In the 1980s, Florida, Hawaii, Illinois, South Carolina, and Virginia all moved entirely from multi-winner districts in either chamber, followed by Alaska, Georgia, and Indiana in the 1990s. After the 2010 United States redistricting cycle, Nevada eliminated their two remaining multi-member senate districts and implemented single-winner districts in both houses. In 2018, West Virginia passed a law switching all remaining multi-winner House of Delegates seats to single-winner districts following the 2020 United States Census.

===Local elections===
Since passage of the Voting Rights Act of 1965 and lessening of some historic barriers to voter registration and voting, legal challenges have been made based on at-large election schemes at the county or city level, including in school board elections, in numerous jurisdictions where minorities had been effectively excluded from representation on local councils or boards. An example is Charleston County, South Carolina, which was sued in 2001 and reached a settlement in 2004. Its county commission changed to nine members elected from single-member districts; in 2015 they included six white Republicans and three African-American Democrats, where the black minority makes up more than one-third of the population.

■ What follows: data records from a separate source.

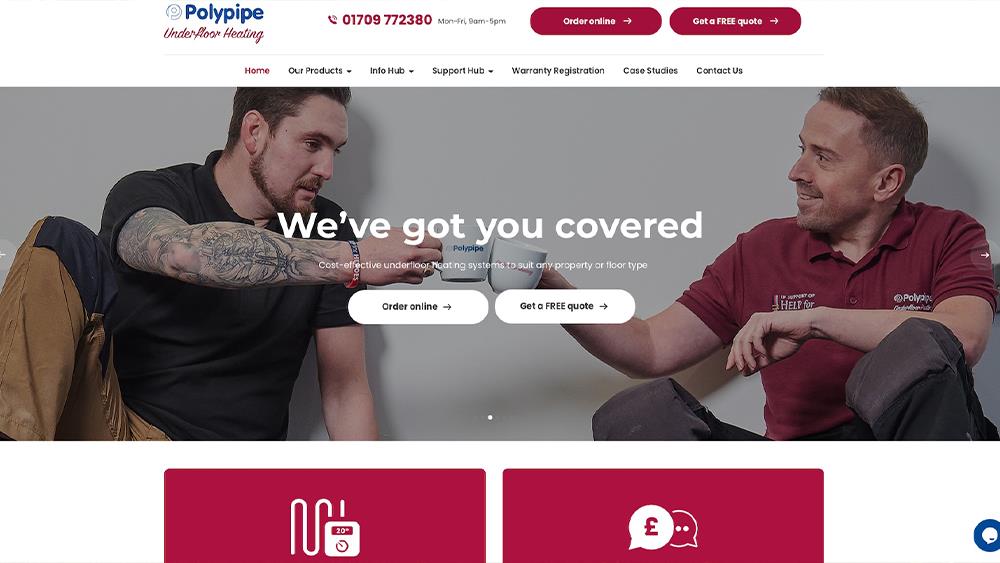 Polypipe’s new site aims to make life easier for installers image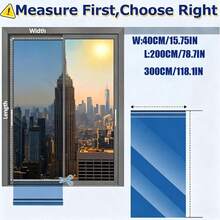 Glue-Free Anti-Static Heat-Insulating Glass Film, Blocks Intense Sunlight With One Application, Privacy And Anti-Peeping Synchronized, One-Way See-Through Effect, Effectively Prevents Outside Peeking During The Day, Suitable For Living Room Large Windows, Bedroom Bay Windows, Bathroom Partitions And More - 1PC - View 4
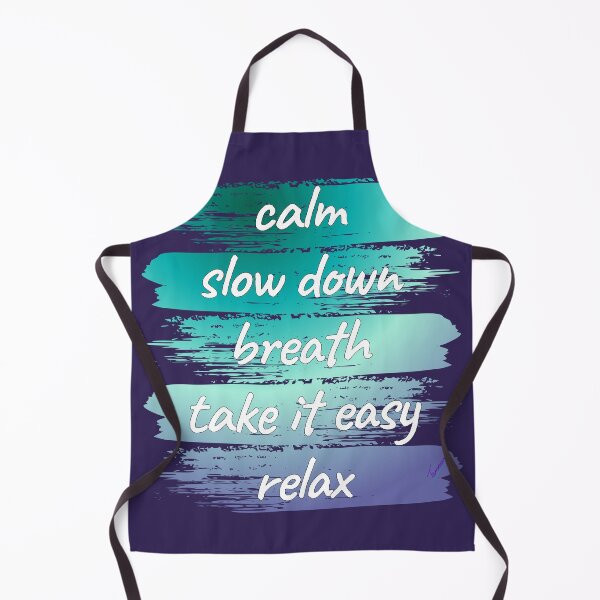 Item preview, CALM SLOW DOWN BREATH TAKE IT EASY RELAX - My Calming Corner, Relaxing Abstract Art | Calmness collection designed and sold by Made by Tamar.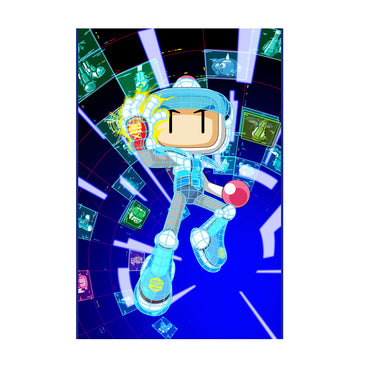 Bomberman 2 cover art poster print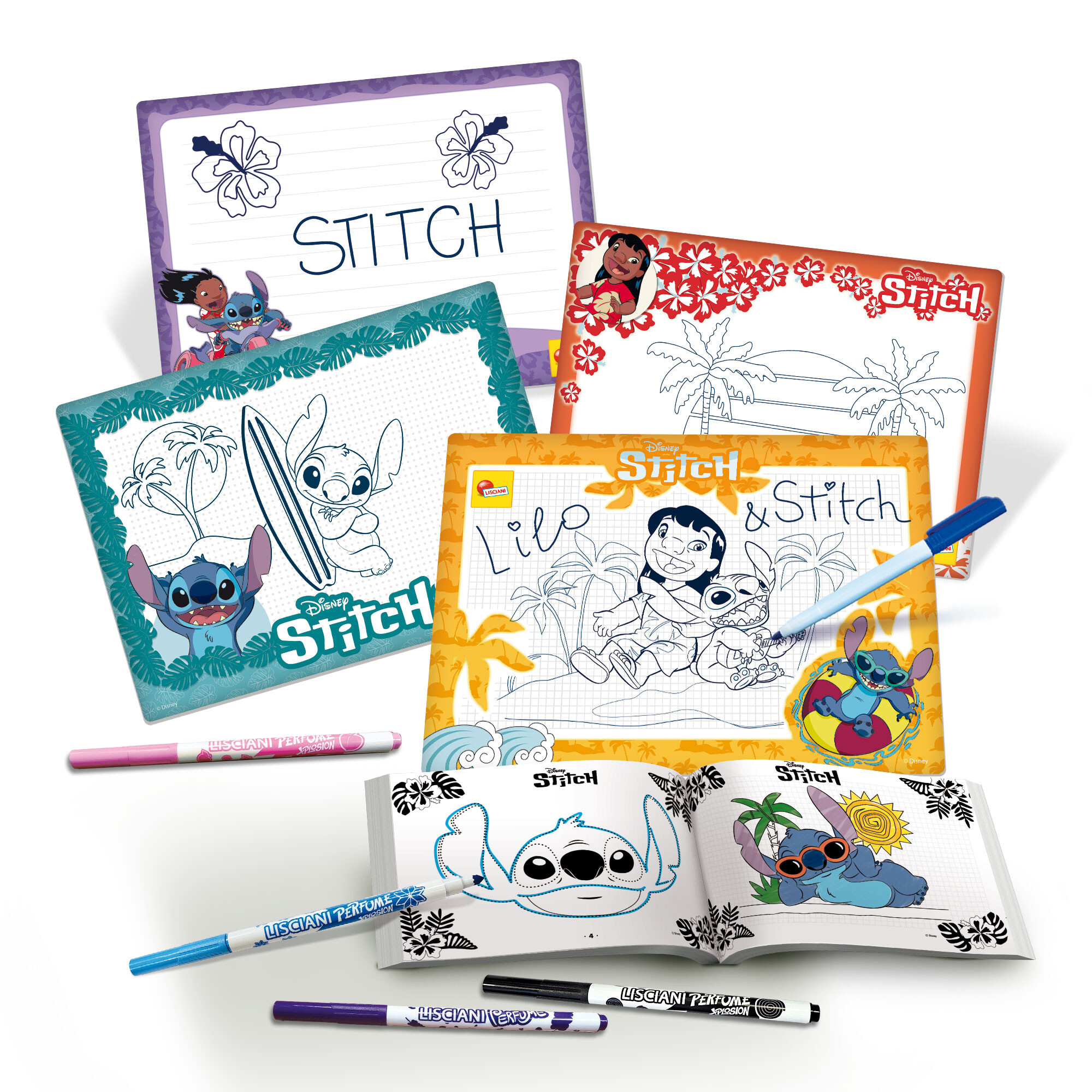 Scuola di disegno stitch - kit creativo per bambini  -  stitch - Disney Stitch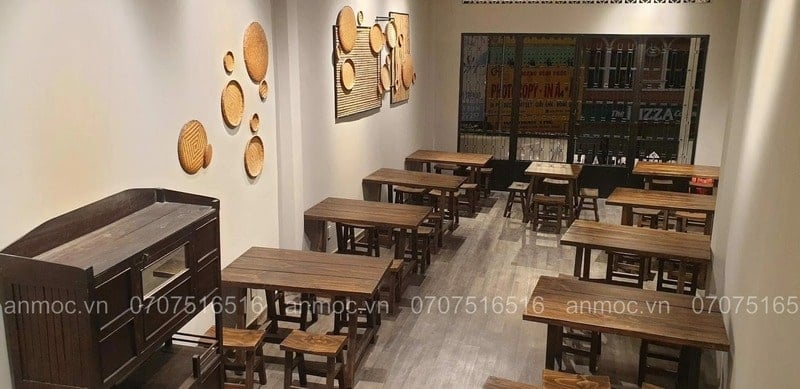mẫu bàn ghế nhà hàng đẹp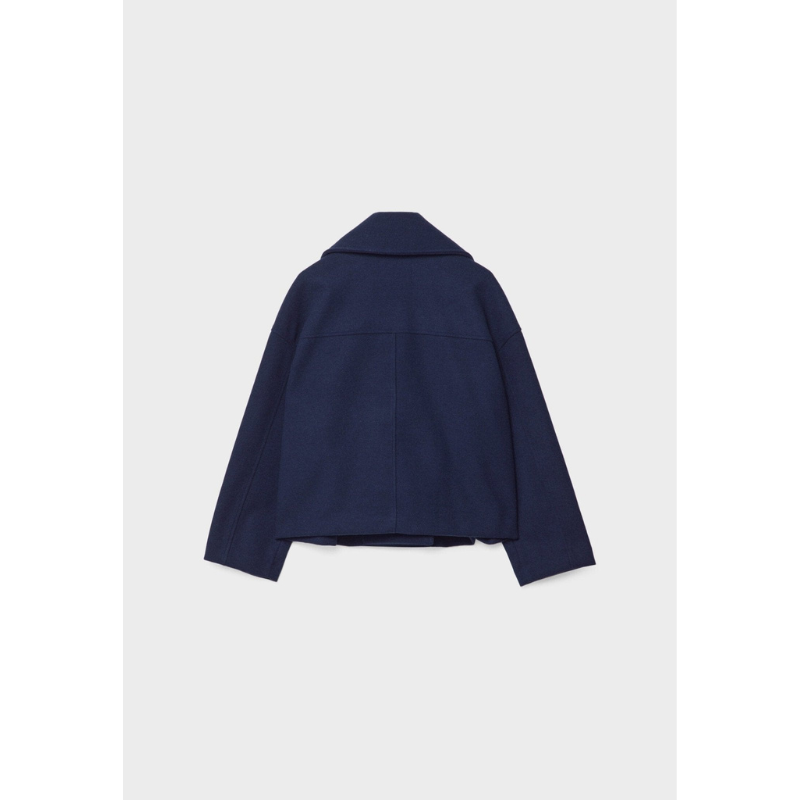 Getailleerde Double-Breasted Dames Jas – Chic & Veelzijdig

In another instance, in 2013 Fayette County, Georgia, which had an estimated 70% white majority and 20% black minority, was ordered by a federal district court to develop single-member districts for election of members to its county council and its school board. Due to at-large voting, African Americans had been unable to elect any candidate of their choice to either of these boards for decades. Such local election systems have become subject to litigation since enabling more representative elections can create entry points for minorities and women into the political system and provide more representative government. In the late 1980s, several major cities in Tennessee reached settlement in court cases to adopt single-member districts to enable minorities to elect candidates of their choice to city councils, who had previously been excluded by at-large voting favoring the majority population. By 2015, voters in two of these cities had elected women mayors who had gotten their start in being elected to the city council from single-member districts.

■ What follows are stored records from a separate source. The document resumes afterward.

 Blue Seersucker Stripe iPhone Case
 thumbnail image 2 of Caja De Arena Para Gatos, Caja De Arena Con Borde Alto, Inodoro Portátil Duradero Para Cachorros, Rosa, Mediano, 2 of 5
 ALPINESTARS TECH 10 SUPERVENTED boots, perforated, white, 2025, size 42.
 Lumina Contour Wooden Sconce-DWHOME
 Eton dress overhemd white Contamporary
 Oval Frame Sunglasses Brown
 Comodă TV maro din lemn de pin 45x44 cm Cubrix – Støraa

The town of Islip, New York was sued by four residents in 2018 for violating the Voting Rights Act by maintaining a discriminatory at-large council system. One-third of Islip's population is Hispanic, but only one person of color has ever been elected to a town seat. As part of the settlement reached in 2020, the at-large system will be abolished and replaced by four council districts by 2023.

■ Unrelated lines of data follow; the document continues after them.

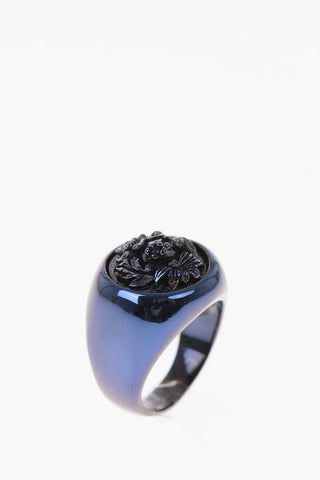 BLACK GOLD Floral Design FOLIAGECHEVALIER Ring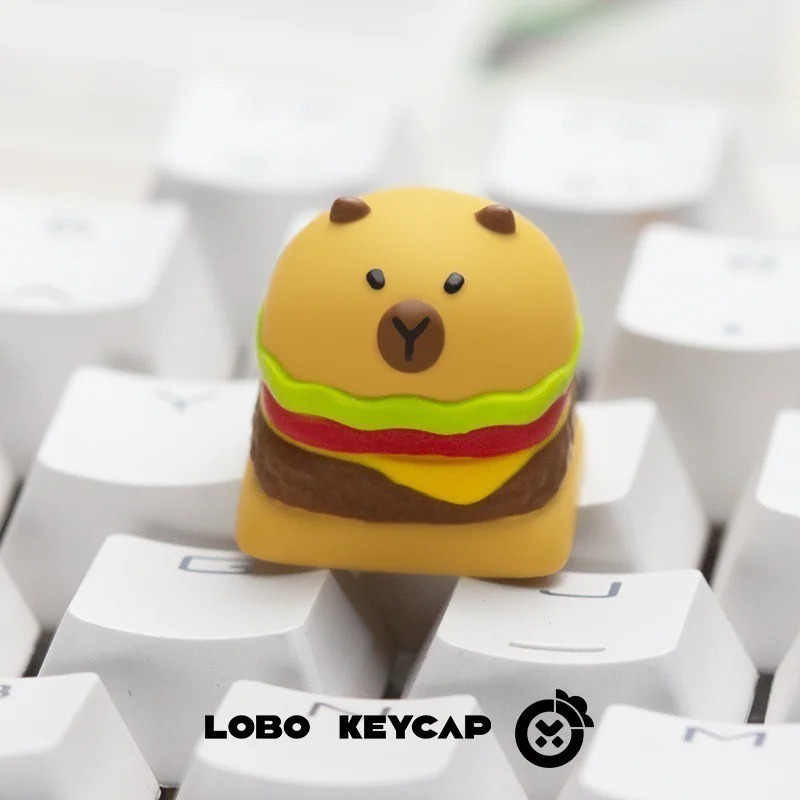 Lobo 外設 卡皮巴拉 麥當勞 薯條 漢堡 系列 鍵帽-細節圖2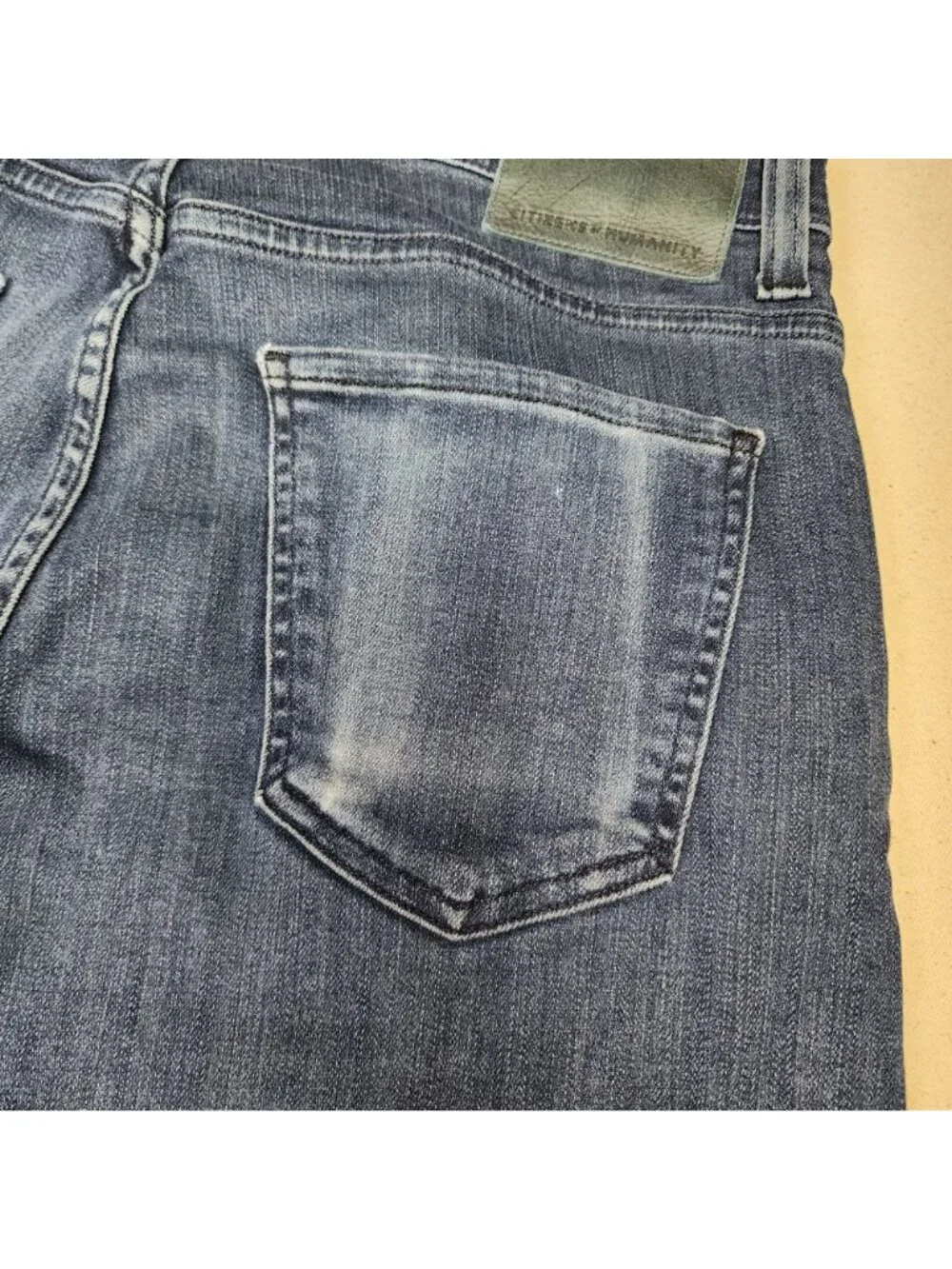 Citizens of Humanity Mens Adler Slim Straight Mid Rise Taper Blue Jeans Sz 30/31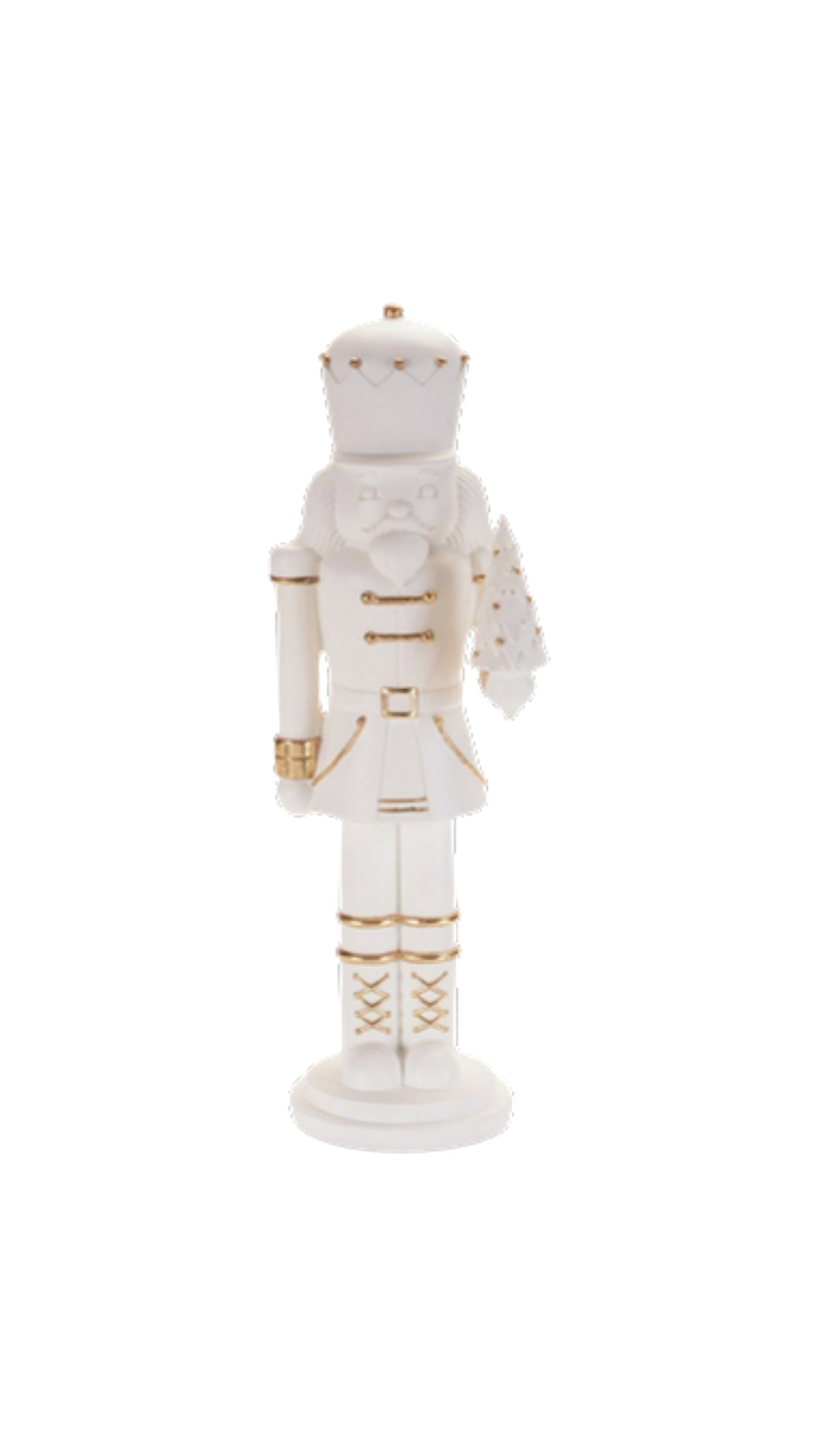 14.5" White Nutcracker - The BLVD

Some states have passed laws that further discourage the use of at-large districts. For example, the California Voting Rights Act removes one of the criteria required for a successful federal Voting Rights Act challenge, which has thus resulted in hundreds of cities, school districts, and special districts moving to single member area-based elections.

Some jurisdictions have kept at-large city councils and boards. The solution adopted by Cambridge, Massachusetts in 1941 was to elect all council officials via Ranked-choice proportional representation, Single transferable voting.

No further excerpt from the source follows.